Now the corresponding position as of September 2011:
UK national average forecourt pay rate September 2011 = £6.22 per hour.
RPI (August’ 2011*) = 236.1.
Adult minimum wage rate was £5.93/hr (18-20 rate was £4.92/hr).
So over the course of those 12 months, the changes amounted to:
Average forecourt pay increased by 3%.
Price inflation increased by 5.2%.
Statutory minimum wage rate increased by 2.2%.
Those are the overall results. We do compare them regionally as well, but in all honesty there’s been less and less significance in the regional results for some time now.
Over the past five or six years regional pay differentials have tended to narrow, with some of the previously lowest-paying regions playing ’catch-up’.
We just don’t see the wide variations that we used to get in the early days of this exercise. Having said that
Midlands £6.63/hr from £6.31 (+5.1%) last year. For the second year in succession this was the highest-paying average rate, although this time it didn’t have the top-individual rate.
North west England £6.29/hr from £6.01 (+4.7%). A region that saw another above-average increase of pay to move up to second place in the pay league this year.
North of England £6.28/hr from £6.11 (+2.8%). This moves this region down to third this year. Also had the highest-paying individual site rate this year.

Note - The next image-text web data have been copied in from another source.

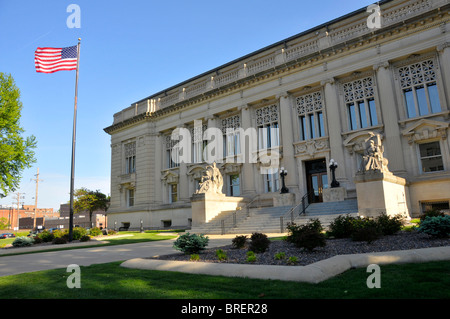 Bâtiment de la Cour suprême de l'Illinois Springfield Banque D'Images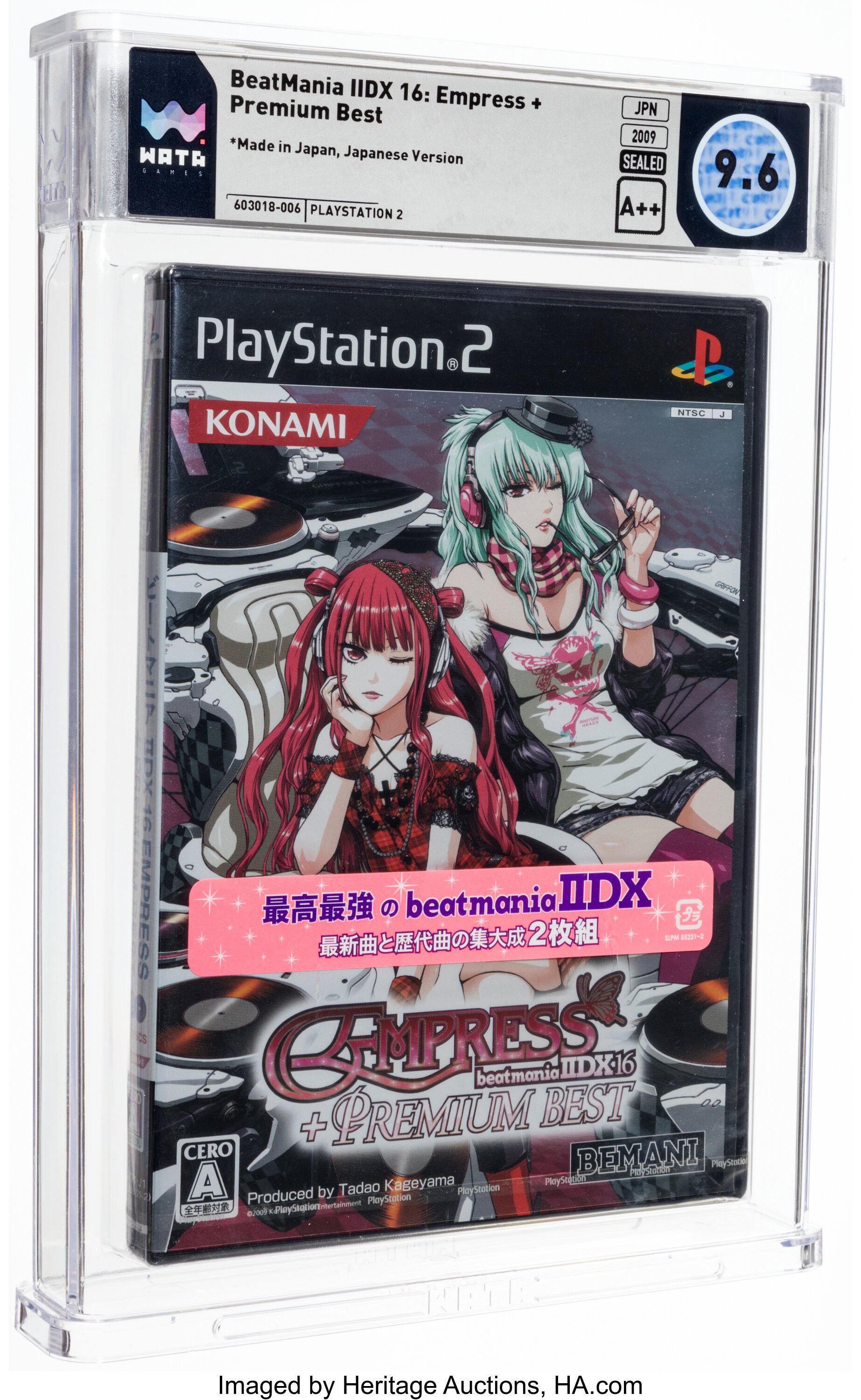 BeatMania IIDX 16: Empress + Premium Best (PS2) — Pop Report
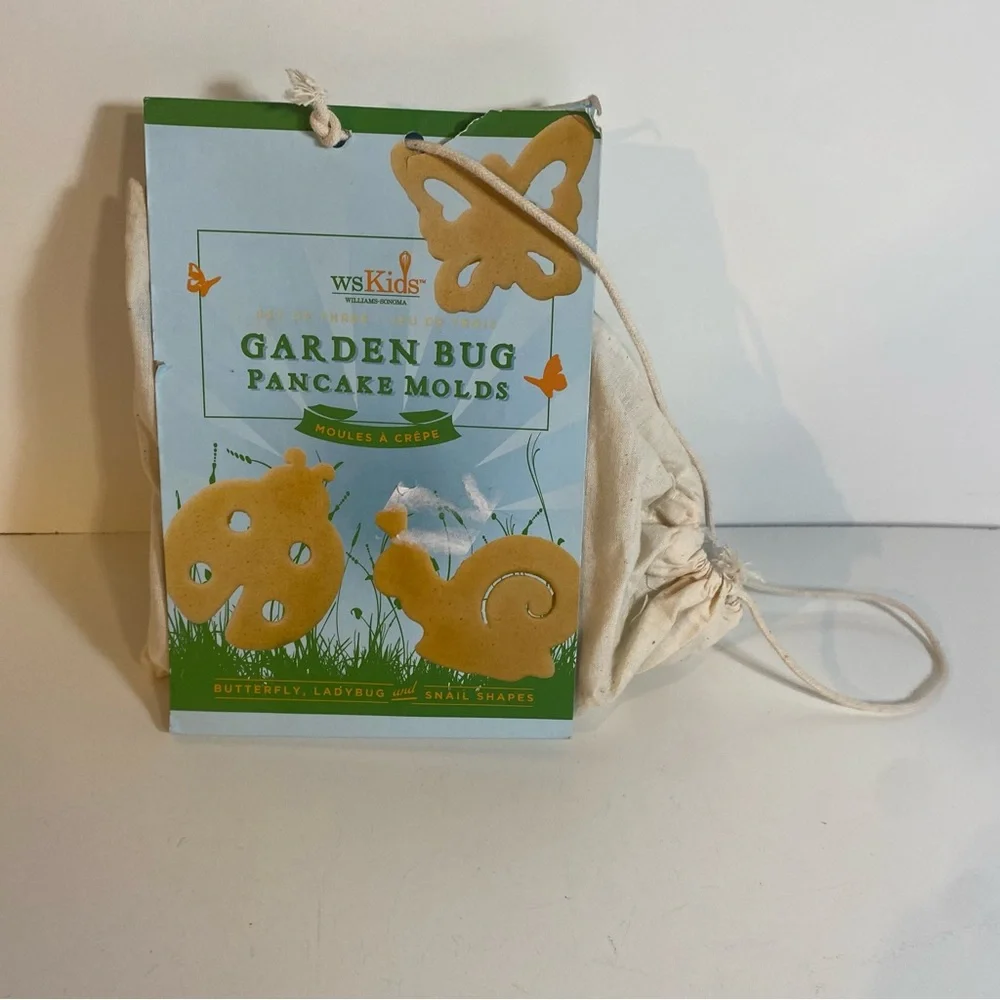 Williams Sonoma Spring Garden Bug Metal Pancake Molds Butterfly Snail Ladybug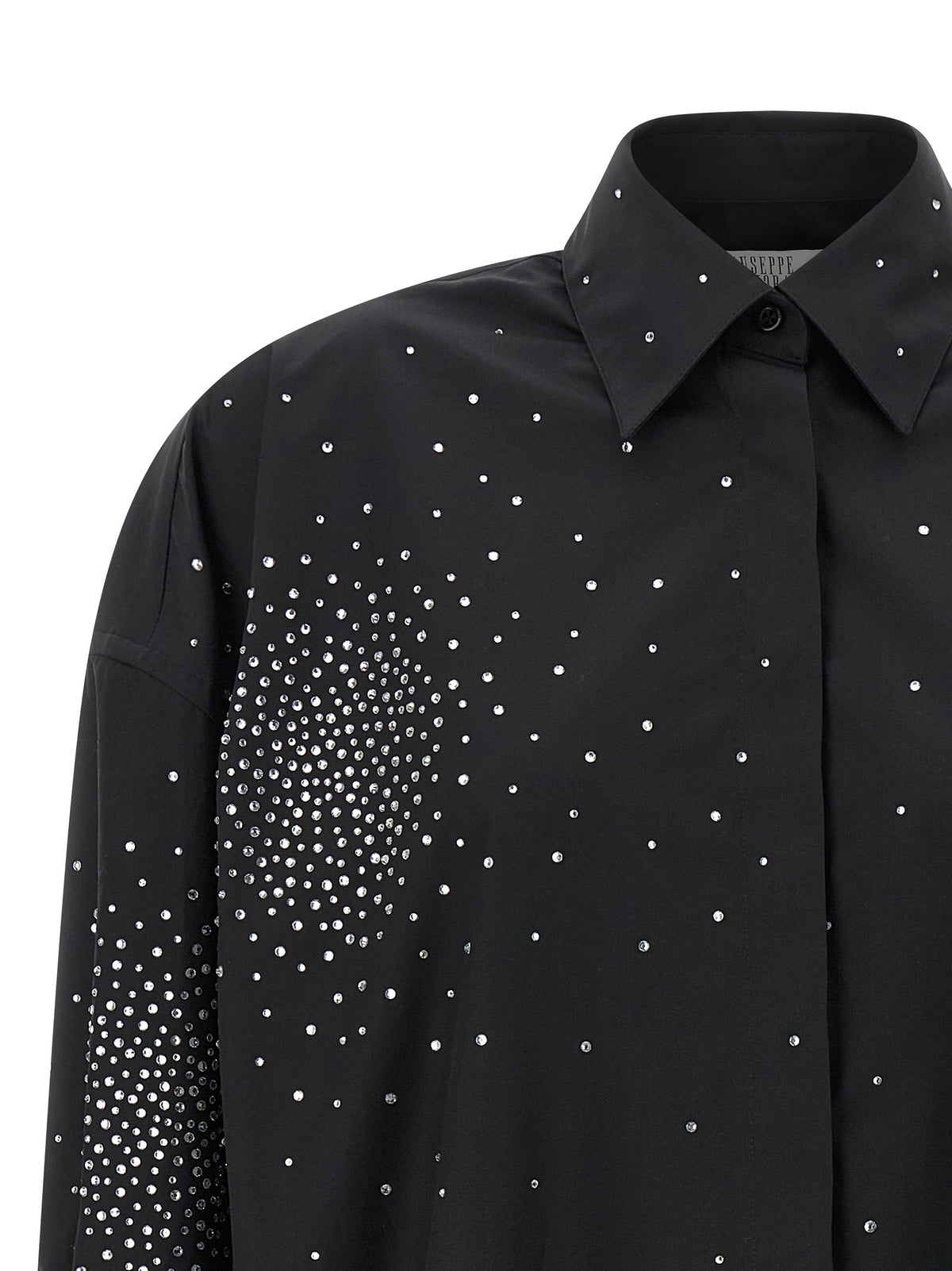 Giuseppe Di Morabito Black Cotton Women's Blouse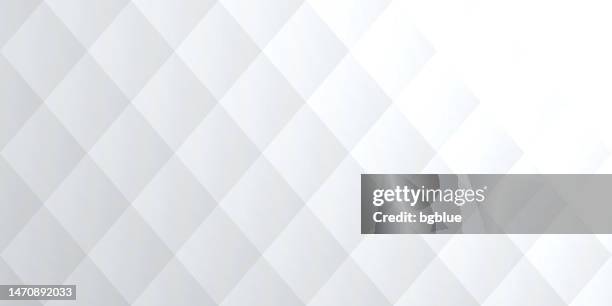 abstract bright white background - geometric texture - rhombus stock illustrations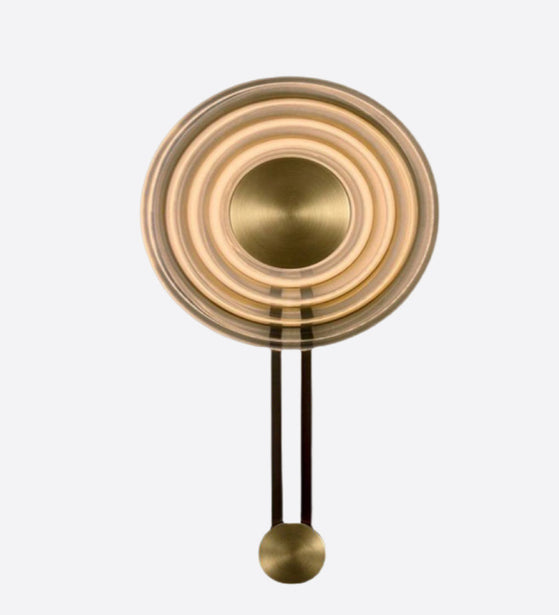 MODERN ELLIPTICAL BLUSHY METALLIC WALL LAMP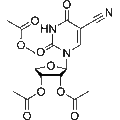 2',3',5'-Tri-O-acetyl-5-cyanouridine – Figure 1 of 1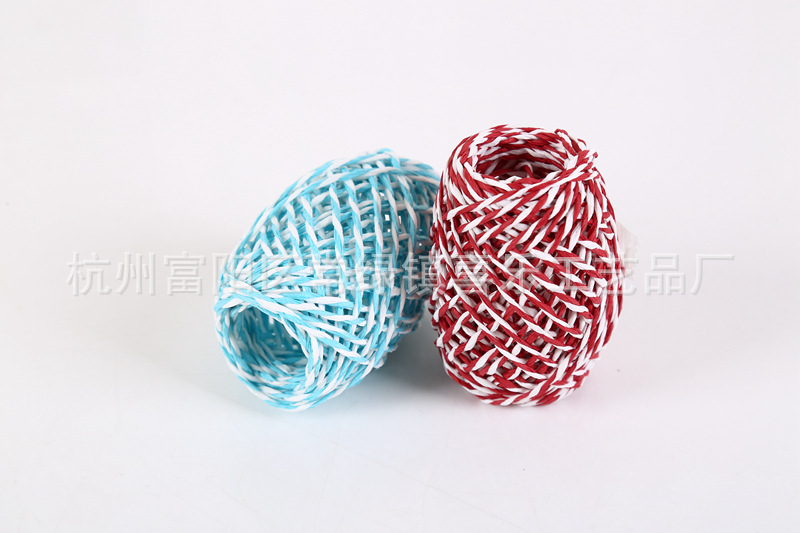 Rugby-Shaped Two-Color Double-Strand Paper String 2mm 10 M One DIY Handmade Material Export Quality Rugby-Shaped Two-Color Double-Strand Paper String 2mm 10 M One DIY Handmade Material Export Quality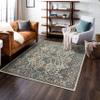Mohawk Home Bonilla Sky Blue 5' 3" x 8' Oriental Floral Area Rug Perfect for Living Room, Dining Room, Office view 1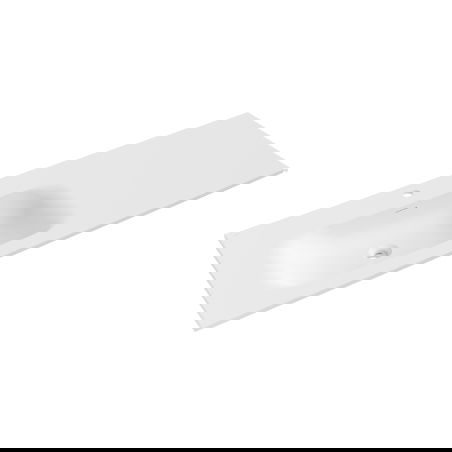 Mexen Vela chiuvetă încastrată în blat stânga 141 x 46,5 cm, alb mat - 25231401L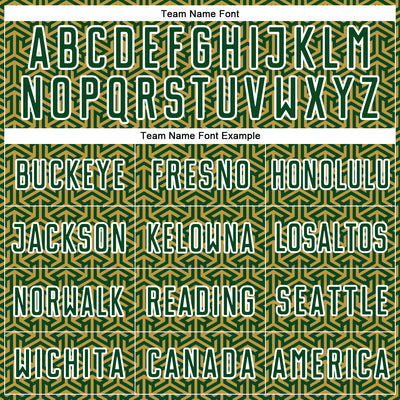 Custom Green Old Gold-White Geometric Arrow Sublimation Soccer Uniform Jersey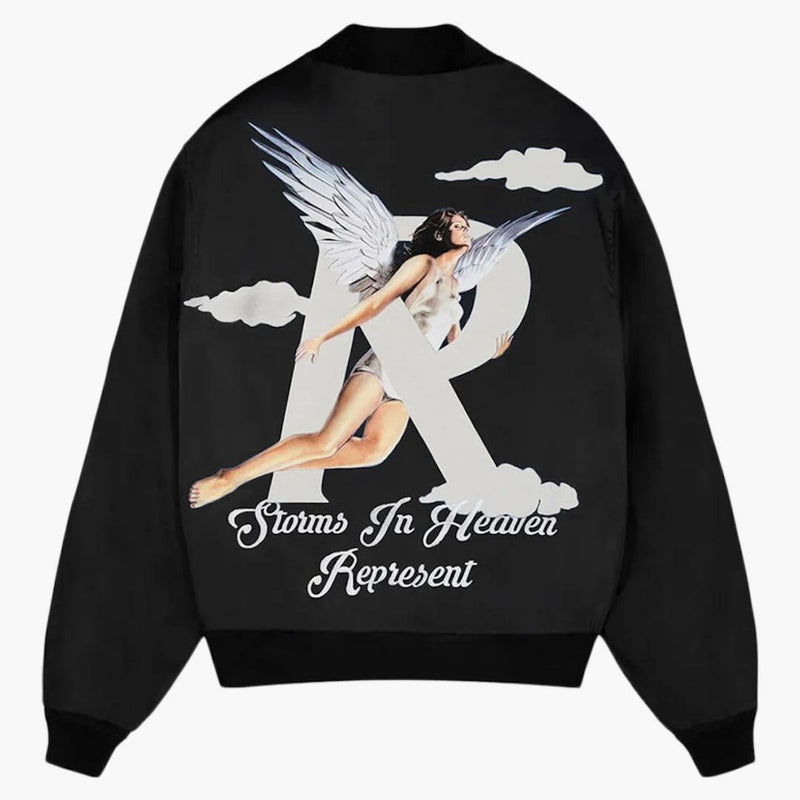 Represent Storms In Heaven Souvenir Bomber Black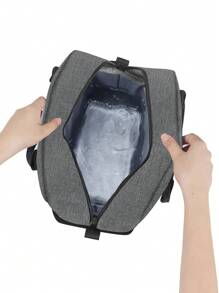 保溫飯袋可重複使用午餐托特包帶前和後口袋防漏飯盒午餐托特包保溫飯盒袋適用於學校工作適用於野餐旅行戶外適合女士男士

Eastern England £6.25/hr from £5.94 (+5.2%) bringing this region up to fourth place. In the early days of the reports this had frequently been one of UK’s highest-paying regions, but had slipped during the mid-to-late ’noughties’.
South east England £6.23/hr from £6.05 (+3.0%). This is down one place, but in terms of actual pay rate and percentage increase, it is bang in line with the national average results.
Scotland £6.17/hr from £5.97 (+3.4%). Historically this is often one of the lowest-paying regions, but just as last year, it has seen a steady rise up the table.
Greater London £6.12/hr from £6.04 (+1.3%). A strange one this. Until 2009 this region was usually in the top three if not ’top’. However, for the third year in a row, we’ve seen very small increases in pay rates here.
Wales £6.12/hr from £5.87 (+4.3%). Rather similar to the results from Scotland, historically one of the lowest-paying regions slowly moving up relative to the rest of the UK.
Northern Ireland £6.10/hr from £5.84 (+4.5%) an above-average increase sees this region off the bottom of the table this year.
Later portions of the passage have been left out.